Wednesday, July 6, 2016

ERNEST HEMINGWAY, CUB REPORTER

Ernest Hemingway, cub reporter

Ernest, I am thrilled, as the copy of Ernest Hemingway, Cub Reporter arrived in the mail just yesterday

As I'm reading the first bits of the book I feel that I need to dialogue with you about the preface that you wrote in 1931 to A Bibliography of the Works of Ernest Hemingway (and which is quoted in this small volume), where you shared: 

" It is the height of silliness to go into newspaper stuff I have written, which has nothing to do with the other writing which is entirely apart and starts with the first In our Times. Have written thousands of columns in newspapers. Also sent much in condensed cable-ese to be rewritten in U.S. and Canada. This has nothing to do with signed and published writing in books or magazines and it is a hell of a trick on a man to dig it up and confuse the matter of judging the work he has published. If anyone wants to do that after a man is dead, he can't defend himself, but while he is alive, he can, at least, take no part in it and oppose it as far as possible. The first right that a man writing has is the choice of what he will publish. If you have made your living as a newspaperman, learning your trade, writing against deadlines, writing to make stuff timely rather than permanent, no one has the right to dig this stuff up and use it against the stuff you have written to write the best you can." Ernest Hemingway to Louis Henry Cohn

Of course, Ernest, I agree. However, I am not interested in your works as literary objects, although you have garnered a flood of recognition and acceptance in that world. In truth, who am I to comment on that? No, I would NEVER venture to be so presumptive as to step into that arena. It would be like a child stepping into the ring with one of your favorite fighters like Jack Dempsey - no that would certainly result in carnage. 

Our time together this summer is about you, and your life - your humanity. That's what I want to explore. Putting the writing aside, it's the stuff of your life as it played out in the world at large. As Shakespeare so aptly put it:

"All the world's a stage, and all the men and women merely players; They have their exits and their entrances, and one man in his time plays many parts..."

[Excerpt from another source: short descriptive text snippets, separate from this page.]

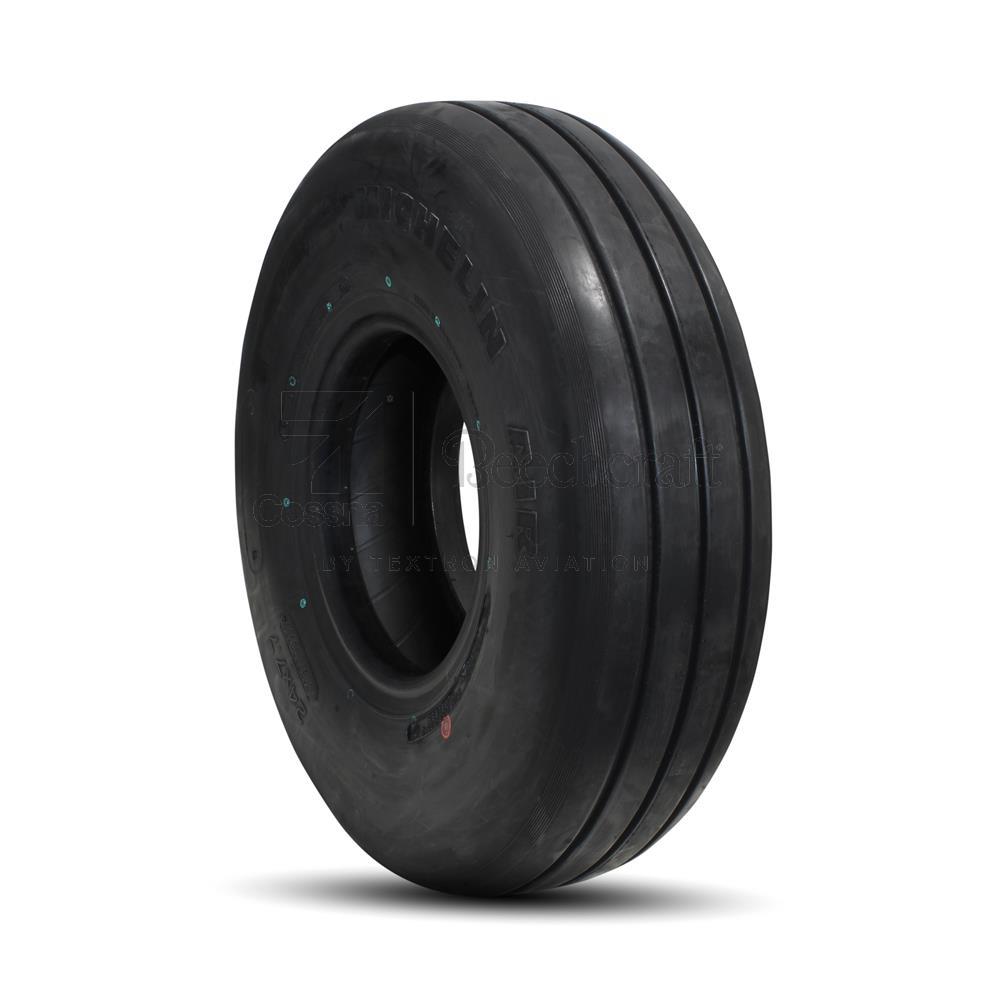 038-675-2 | Michelin Air Main Aircraft Tire
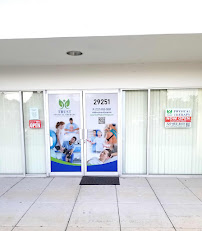 Trust Physical Therapy - Photo 3 - Car repair in Clearwater, FL, Clearwater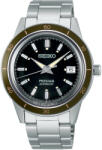 Seiko SRPG07J1 Ceas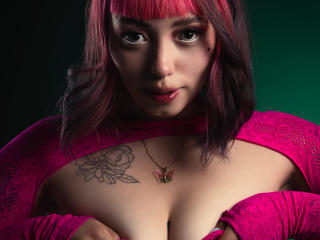 GigiVolkova Vidéo et Webcam - Photo 8/21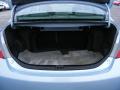 2007 Camry LE #23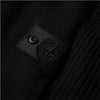 STONE ISLAND ウールタートルネック V0029 7319510A5 45118697 [P]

It is the parts that you played and how they shaped who you were and what you became that I am interested in. 

"Damned invasive?"

Yes, I agree. When you have worked as hard as you have to create a series of vignettes around your life that build an image that is "bigger than life", I can understand that looking at the threads woven through that same life that may reveal the soft underbelly of humanity that we all posses can leave you feeling naked and exposed - vulnerable. 

I'm going to be honest with you Hem (if I may call you that?), I'm taking this journey with you because it allows me to explore that level of vulnerability in myself vicariously. If I were to write this of my own life - well, I couldn't write it. Like you, there are private, wounded, and scarred parts of my psyche that I just can't face head-on, so yeah, in shadowing you I have the opportunity to work through some of the things maybe you didn't. 

Hem, it's never to late to help yourself or help others, at least that's the way I see it. So I'm hoping you'll bear with me as we walk awhile together this summer, and allow me to befriend you for at least this brief period of time. There is so much of your story that resonates with me.

I love what you said of your time at the Star, "On the Star you were forced to learn to write a simple declarative sentence. That's useful to anyone." 

Yes, it is. So, it's time to explore your time at the Star and take a look at what you were focused on and what was going on in the world. It's fascinating to think that this single twelve month time period in your life was so densely packed with experiences and change.